RECORDED INFORMATION.
____
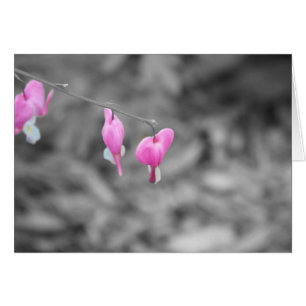 Bloedharten Deurdistrict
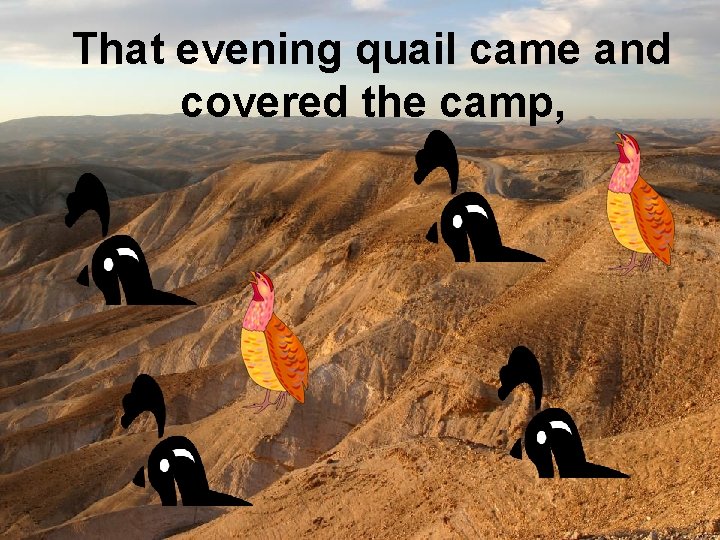  That evening quail came and covered the camp, 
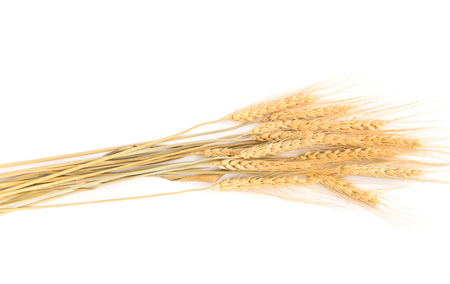 Barley (hordeum) ears and grain wheat on white background (raw material to produce beer, bread, vodka and whisky)の写真素材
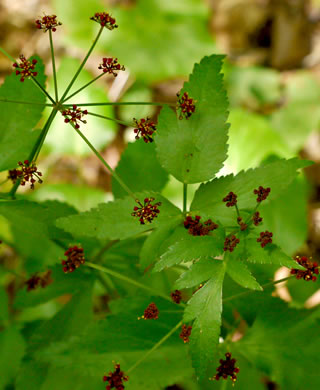 image of Thaspium trifoliatum var. trifoliatum, Purple Meadow-parsnip, Woodland Parsnip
____
Copy nothing but the lines above from the one with "That evening quail" through the end of the material, word for word, and drop the pictures.

  That evening quail came and covered the camp, 
 Barley (hordeum) ears and grain wheat on white background (raw material to produce beer, bread, vodka and whisky)の写真素材
 image of Thaspium trifoliatum var. trifoliatum, Purple Meadow-parsnip, Woodland Parsnip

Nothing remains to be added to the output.